Update: In the time-honored way of recklessly leftist alternative free weeklies everywhere, Westword has totally abused the praise I gave them on their Rockies coverage with this incredibly simple-minded socialist fairy tale regarding two idiots who went to jail for running on the field after the Rockies-Padres tiebreaker game. Oh, poor kids didn't want to go to jail? Then DON'T RUN ON THE FIELD.

Comments
2007-10-21 08:22:23
1.   berkowit28
I suggest you sit down for an hour or two. I have no idea what's got your goat about that newspaper story. There's nothing even faintly "socialist" about it - what are you talking about? It's a pretty straightforward narration, as newspaper articles should be. The two guys are given enough rope to condemn themselves with, and they come off as rather empty-headed dorks. Sure they see themselves just as fans, and the guy who can't remember pleading guilty might even have a case - all he has to do is get the court record and find out if his memory is as weak as everything else about him. It's a good, human-interest story. Do you expect the paper to be editorializing and telling them off within the articles, like second-rate sports "columnists" sometimes do?

Get back to baseball after you settle down from the wedding and your trip.

2007-10-21 11:37:29
2.   Bob Timmermann
I would have to agree with 1 . The story makes the guilty parties out to be ... guilty.

I'm surprised they were even let back in the park.

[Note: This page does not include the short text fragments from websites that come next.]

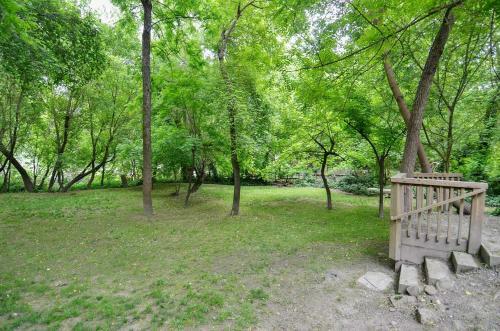 Enchanted Forest Estate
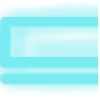 Neon Font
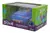 Caja Registradora Stitch - CALMA RENATA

I've never understood why people feel it's their inalienable right to attend a sporting event, get drunk, and act like an idiot. Just like the incredibly drunk Cal fans behind me at the Rose Bowl.

2007-10-21 12:32:51
3.   Mark T.R. Donohue
Yeah, but it has this weird sympathy for them, like... they were nice to the cops, so they should get a break? And then it tries to tie everything to the raise in ticket prices and making weird suggestions about the "common fan" being kept out of playoff games, which is silly... if these guys were such superfans, than they would have 20-game plans like I did and they would be all set for playoff tickets at a fairly reasonable price. It makes me mad when media of any political affiliation misrepresents the facts to serve an agenda, but your opinions are of course also valid.
2007-10-21 15:21:58
4.   Bob Timmermann
I also wonder if the writer knows that the prices for postseason tickets are set at certain levels by MLB.
2007-10-21 21:10:19
5.   Suffering Bruin
So it is Boston.

I will be rooting very, very hard for the Rockies.

2007-10-21 21:21:47
6.   spudrph
Mark-it's the marriage that matters, not the wedding.

Best of luck for a long, interesting series, but I'm BoSox born and bred, 1978 vintage, so I'm pulling for you to lose.

2007-10-22 05:49:14
7.   Mark T.R. Donohue
4 Almost certainly not. Nobody in Denver besides me and possibly Jamey Carroll knew anything about baseball before September 15th.